Confessions of a broken blogger

The only reason I visited the old blog was to dig up stuff about J. I was going to write about him in my other blog (yes, the polish blog) and thought it would be fun to include some stories from the old blog.

But you know what happens when you search for “J”? You get every single post you’ve ever posted as a result. Apparently, I use the letter J way too much. Thanks a lot, internet. Big help.

I searched for “Jason” instead and the result wasn’t satisfying either – it only yielded 25 posts when I know I’ve written about J way more times than that.

I am the Goldilocks of archive search results. Too many, too few. Bring on the goddamn bears.

But while the search didn’t give me what I needed, it did have a positive effect. Reading some of my old blog entries made me want to post here again. I don’t think I’ll ever be as open and as free and crazy as I was before (Seriously, when I see my archives, I always end up going, “Holy fuck, I wrote that for everyone to see?! WTF.”) but actually feeling the urge to open WordPress and type something here is a big step.

Sometimes I think, maybe my life was just more interesting then. Maybe I just had more things to write about in 2002. But that’s not true. Crazy things still happen to me. I stalked the New Kids On The Block. I was bitten by a lion in Africa. I drank so much I fell asleep in the bathroom. Why didn’t I write about that?

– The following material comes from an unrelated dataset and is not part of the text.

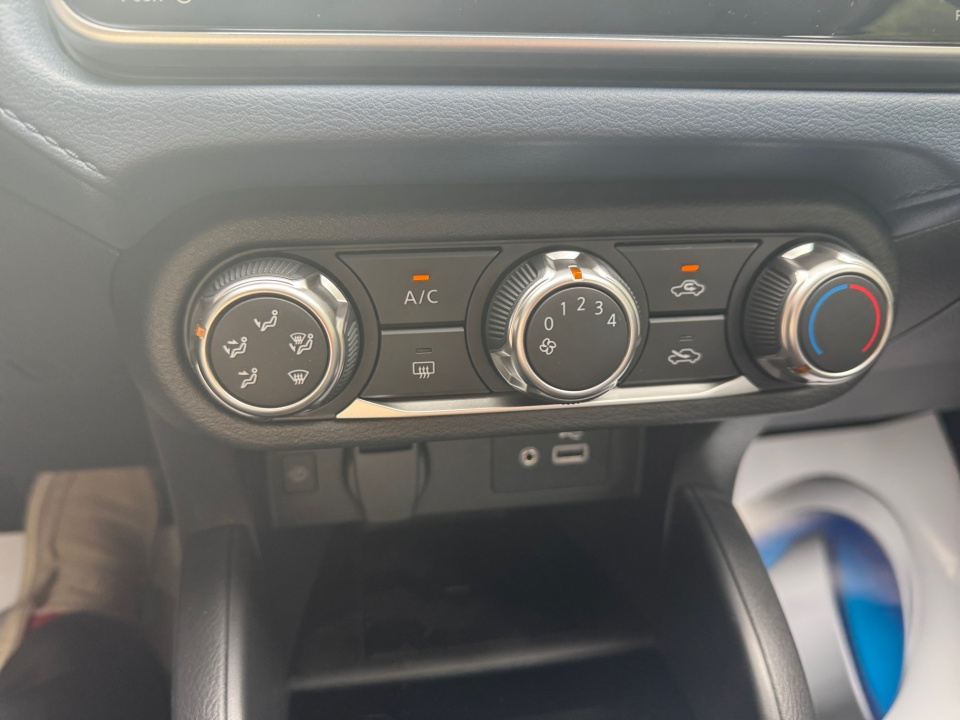 3N1CN8EV7SL874341 2025 Nissan Versa 1.6 SV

Here’s why: I’m a broken blogger.

Little bits and pieces of myself are scattered all over the internet – on Twitter, Facebook, Instagram, my friends’ inboxes, the newspaper’s website  – while this page remains static. Sad. Ignored.

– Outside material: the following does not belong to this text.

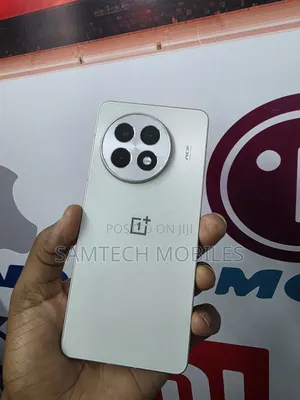 OnePlus 13R 256 GB White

Maybe that will finally change. Maybe.

Goodbye, (Sir) Gani

A few days before Christmas, I walked into Sir Gani’s office and handed him a gift. It was nothing lavish, just a box of chocolate truffle-filled mochi balls that I thought he would enjoy. He took the box and said, looking embarrassed, “Naku…” He trailed off but I knew what he meant. He didn’t have a gift for me.

I laughed and said, “Sir, it’s okay! Merry Christmas!”

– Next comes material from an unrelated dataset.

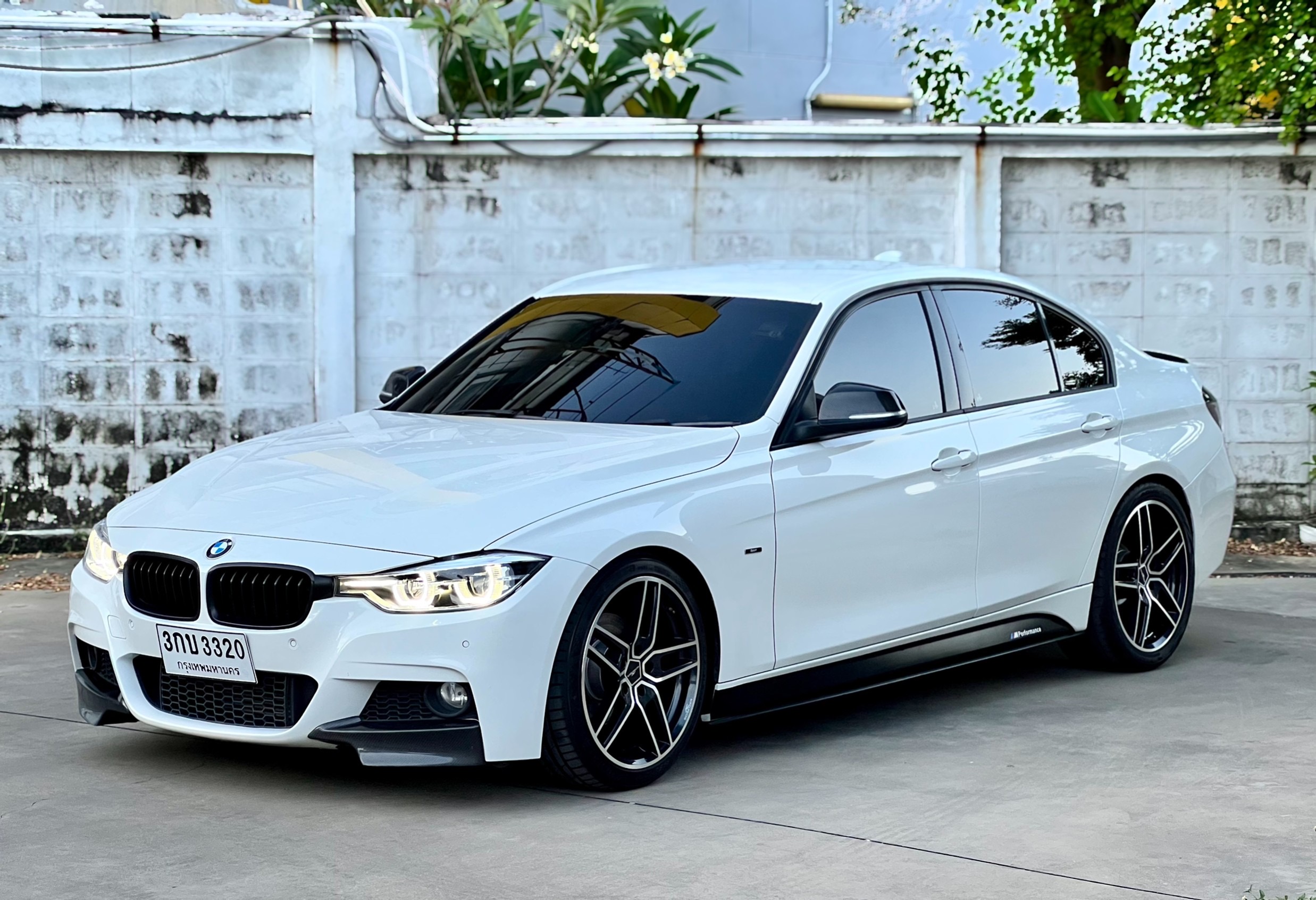 BMW 320d Sports ปี 2014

Sir Gani loved food. Often, he’d walk to the Lifestyle section to see what goodies we had spread out on our table. Sometimes there would be pizza, sometimes donuts, sometimes pansit. And it was always funny to see him, a big boss, doing something I think every person in the newsroom has done – use bond paper as a plate in the absence of real paper plates.

Sir Gani didn’t just visit our department to look for sustenance. He’d ask me, on days we were putting Super to bed, “What time will you finish today?” And it didn’t matter if I said “8” or “9” or “10.” His response was always the same: “A.M.?” It was a throwback to the days when my section was notorious for closing our pages up to the wee hours. It didn’t matter that I couldn’t remember the last time we missed our deadline, Sir Gani never got tired of that joke.

Last year, I wrote the piece “The Next Person Who Asks Me When I’m Getting Married Will Get Punched In The Face.” Naturally, the funny guy that he is, Sir Gani walked up to my desk to ask when I’m getting married. No, I didn’t punch him in the face.

When he’d see new people in the office, he was the first to introduce himself. He was friendly, he was welcoming, he was approachable.

Over a decade ago, when I first started closing the pages of the youth section 2bU! at the age of 19, Sir Gani was one of the first to show full confidence in me. “Congratulations! Great issues!” he’d tell me, taking the time out from his busy day to give me a pat on the back.

I looked forward to seeing my pages tacked on the office walls, with his notes scribbled on top of them. “Interesting story,” he wrote in red ink, over the head of a travel piece I wrote about Jakarta.

Sir Gani was also the first person to give me an assignment for the front page. He asked me to go to a three-day science and technology conference back in 2003.

“Scary,” I said, before I could stop myself.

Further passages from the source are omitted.